**WHAT IS REQUIRED**
Would you retype, word for word, the line with "6719 Timberhill Dr" and every line after it through the end of the records below?

**PROVIDED DATA**
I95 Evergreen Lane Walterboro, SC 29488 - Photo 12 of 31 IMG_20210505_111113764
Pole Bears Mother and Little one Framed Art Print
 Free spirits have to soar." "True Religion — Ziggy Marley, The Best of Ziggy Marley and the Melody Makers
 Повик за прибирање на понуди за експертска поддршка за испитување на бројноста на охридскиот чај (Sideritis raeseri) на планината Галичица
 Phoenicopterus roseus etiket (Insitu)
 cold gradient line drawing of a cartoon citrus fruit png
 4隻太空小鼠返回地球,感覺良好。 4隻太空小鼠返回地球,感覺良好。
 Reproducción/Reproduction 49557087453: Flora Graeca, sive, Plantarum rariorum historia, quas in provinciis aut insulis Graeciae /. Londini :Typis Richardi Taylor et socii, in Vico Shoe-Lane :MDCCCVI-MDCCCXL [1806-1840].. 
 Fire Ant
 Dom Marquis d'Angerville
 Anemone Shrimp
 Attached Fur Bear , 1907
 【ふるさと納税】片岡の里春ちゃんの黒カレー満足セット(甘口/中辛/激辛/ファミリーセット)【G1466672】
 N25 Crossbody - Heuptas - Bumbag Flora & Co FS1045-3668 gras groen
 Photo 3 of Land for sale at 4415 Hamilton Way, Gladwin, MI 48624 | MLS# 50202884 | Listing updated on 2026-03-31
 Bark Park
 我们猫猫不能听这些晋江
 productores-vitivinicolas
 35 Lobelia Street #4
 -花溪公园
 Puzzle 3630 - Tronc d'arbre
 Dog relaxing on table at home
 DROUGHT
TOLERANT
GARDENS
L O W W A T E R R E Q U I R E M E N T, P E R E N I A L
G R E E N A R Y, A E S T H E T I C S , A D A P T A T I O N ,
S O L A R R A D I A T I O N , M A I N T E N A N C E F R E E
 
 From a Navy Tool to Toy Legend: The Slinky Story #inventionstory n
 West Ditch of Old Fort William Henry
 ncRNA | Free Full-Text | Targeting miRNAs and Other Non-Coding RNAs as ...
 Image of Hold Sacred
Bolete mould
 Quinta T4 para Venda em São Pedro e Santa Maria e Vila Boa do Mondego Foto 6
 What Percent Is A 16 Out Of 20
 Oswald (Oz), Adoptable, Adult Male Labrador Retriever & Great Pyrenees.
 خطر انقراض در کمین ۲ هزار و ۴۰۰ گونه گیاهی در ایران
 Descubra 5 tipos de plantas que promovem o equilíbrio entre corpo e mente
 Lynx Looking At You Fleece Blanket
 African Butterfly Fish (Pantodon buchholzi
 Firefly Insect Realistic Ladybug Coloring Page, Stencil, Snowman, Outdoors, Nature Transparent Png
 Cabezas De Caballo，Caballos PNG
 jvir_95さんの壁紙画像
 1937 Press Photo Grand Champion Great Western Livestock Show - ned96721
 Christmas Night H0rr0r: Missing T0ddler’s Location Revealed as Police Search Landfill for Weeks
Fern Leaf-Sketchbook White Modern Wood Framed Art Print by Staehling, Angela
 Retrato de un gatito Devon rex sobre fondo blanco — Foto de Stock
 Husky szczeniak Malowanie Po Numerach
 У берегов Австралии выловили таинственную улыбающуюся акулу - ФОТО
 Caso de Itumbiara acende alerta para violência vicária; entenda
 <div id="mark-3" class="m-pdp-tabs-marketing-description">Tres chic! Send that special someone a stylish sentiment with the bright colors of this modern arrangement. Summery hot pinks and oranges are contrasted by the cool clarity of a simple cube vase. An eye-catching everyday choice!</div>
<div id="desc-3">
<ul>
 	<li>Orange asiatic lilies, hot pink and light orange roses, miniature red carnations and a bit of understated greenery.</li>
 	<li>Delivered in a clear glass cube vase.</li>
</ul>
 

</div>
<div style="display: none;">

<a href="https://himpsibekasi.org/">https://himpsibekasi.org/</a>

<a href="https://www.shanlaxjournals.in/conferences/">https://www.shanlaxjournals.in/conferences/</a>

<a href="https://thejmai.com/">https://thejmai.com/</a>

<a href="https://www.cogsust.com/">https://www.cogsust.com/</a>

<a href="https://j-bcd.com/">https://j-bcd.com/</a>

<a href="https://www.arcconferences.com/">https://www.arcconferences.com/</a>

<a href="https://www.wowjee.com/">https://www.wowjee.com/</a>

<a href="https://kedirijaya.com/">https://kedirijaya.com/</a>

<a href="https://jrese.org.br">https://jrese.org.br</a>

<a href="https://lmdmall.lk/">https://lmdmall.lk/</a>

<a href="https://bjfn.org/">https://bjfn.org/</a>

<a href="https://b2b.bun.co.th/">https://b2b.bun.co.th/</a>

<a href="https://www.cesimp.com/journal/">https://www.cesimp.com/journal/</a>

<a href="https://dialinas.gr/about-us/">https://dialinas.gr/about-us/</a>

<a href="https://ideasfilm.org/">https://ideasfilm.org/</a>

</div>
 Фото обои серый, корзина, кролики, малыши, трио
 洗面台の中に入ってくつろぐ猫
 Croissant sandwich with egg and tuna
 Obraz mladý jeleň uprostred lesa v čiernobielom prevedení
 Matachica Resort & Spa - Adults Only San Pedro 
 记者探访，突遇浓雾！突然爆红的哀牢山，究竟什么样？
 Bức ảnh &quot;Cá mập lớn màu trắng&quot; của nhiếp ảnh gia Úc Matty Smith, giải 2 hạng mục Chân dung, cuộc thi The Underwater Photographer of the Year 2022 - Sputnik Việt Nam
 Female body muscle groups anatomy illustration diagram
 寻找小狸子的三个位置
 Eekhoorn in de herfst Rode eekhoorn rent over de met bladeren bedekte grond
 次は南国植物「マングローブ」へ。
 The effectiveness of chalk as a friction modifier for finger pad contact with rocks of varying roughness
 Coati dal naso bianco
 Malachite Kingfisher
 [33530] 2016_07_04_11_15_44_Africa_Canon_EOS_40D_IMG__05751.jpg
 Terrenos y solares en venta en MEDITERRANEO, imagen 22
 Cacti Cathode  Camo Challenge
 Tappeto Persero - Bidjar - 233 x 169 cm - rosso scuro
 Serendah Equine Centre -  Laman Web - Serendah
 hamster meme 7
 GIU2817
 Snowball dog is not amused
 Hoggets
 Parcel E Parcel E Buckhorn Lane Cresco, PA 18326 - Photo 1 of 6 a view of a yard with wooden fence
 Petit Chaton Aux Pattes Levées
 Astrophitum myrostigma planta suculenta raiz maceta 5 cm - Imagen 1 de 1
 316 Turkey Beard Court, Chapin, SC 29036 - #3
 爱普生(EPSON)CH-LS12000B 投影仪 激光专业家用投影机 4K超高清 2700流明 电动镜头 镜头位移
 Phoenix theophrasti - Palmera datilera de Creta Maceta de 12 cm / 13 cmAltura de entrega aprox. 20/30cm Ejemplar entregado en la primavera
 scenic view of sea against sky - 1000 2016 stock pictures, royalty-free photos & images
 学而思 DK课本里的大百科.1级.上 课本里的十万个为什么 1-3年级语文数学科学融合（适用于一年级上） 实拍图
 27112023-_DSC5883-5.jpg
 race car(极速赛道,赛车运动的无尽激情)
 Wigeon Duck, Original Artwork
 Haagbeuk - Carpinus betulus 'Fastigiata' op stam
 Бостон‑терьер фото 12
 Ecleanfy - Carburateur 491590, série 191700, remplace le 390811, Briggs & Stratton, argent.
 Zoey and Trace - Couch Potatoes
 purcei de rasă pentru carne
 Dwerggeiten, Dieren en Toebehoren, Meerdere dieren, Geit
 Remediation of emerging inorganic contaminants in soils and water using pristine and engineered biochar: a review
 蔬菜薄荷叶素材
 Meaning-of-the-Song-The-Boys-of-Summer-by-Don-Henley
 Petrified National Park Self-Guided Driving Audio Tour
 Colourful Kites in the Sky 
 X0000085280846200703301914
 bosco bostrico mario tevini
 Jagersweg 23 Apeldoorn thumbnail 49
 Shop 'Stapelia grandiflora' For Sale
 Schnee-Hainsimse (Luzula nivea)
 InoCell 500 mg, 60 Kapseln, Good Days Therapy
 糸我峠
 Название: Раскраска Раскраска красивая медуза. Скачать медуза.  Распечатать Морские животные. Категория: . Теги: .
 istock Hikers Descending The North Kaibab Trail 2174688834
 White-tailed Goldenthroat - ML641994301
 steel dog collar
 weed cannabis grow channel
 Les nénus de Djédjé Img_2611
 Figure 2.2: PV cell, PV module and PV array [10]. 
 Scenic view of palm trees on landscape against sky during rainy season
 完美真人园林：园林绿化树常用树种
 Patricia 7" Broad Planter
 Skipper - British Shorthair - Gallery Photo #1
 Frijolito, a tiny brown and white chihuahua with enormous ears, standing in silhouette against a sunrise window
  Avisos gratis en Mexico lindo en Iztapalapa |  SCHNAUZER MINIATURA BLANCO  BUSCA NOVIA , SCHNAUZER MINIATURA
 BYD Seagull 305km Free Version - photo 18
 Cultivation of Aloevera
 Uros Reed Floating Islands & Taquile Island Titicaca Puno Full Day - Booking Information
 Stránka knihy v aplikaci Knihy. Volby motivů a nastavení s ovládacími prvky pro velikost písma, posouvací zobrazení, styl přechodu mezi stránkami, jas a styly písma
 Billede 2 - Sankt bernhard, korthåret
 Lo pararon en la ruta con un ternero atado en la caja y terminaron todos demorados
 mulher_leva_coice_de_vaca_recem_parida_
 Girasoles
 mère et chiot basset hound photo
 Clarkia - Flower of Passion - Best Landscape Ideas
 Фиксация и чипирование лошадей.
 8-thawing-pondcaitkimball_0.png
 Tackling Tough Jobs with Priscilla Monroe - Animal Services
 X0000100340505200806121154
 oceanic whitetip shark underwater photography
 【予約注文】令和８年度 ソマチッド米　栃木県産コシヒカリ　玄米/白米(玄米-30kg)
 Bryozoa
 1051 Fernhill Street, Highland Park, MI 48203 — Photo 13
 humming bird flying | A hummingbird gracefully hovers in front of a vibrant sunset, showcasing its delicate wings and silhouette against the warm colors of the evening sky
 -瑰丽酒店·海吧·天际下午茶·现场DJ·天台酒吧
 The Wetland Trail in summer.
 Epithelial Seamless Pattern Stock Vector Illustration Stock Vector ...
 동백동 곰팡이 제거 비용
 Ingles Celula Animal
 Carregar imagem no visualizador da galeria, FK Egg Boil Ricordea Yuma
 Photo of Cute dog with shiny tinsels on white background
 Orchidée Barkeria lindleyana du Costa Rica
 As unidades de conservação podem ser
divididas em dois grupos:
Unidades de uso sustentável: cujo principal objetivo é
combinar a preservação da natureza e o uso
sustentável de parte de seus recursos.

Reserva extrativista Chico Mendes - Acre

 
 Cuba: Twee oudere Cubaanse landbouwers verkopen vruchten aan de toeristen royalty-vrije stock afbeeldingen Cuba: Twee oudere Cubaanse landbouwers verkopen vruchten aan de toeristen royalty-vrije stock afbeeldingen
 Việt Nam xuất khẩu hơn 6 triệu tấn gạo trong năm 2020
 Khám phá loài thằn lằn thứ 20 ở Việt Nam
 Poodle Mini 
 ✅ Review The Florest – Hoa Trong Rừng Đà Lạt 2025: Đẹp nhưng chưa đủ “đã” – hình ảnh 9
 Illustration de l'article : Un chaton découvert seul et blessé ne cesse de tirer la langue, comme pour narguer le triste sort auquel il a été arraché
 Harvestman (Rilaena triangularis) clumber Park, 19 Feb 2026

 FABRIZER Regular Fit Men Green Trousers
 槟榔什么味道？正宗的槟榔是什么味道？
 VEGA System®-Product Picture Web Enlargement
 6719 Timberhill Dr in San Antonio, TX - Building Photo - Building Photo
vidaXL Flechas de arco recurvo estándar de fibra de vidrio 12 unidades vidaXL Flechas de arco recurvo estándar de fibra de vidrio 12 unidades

**SOLUTION FOR THIS EXERCISE**
 6719 Timberhill Dr in San Antonio, TX - Building Photo - Building Photo
vidaXL Flechas de arco recurvo estándar de fibra de vidrio 12 unidades vidaXL Flechas de arco recurvo estándar de fibra de vidrio 12 unidades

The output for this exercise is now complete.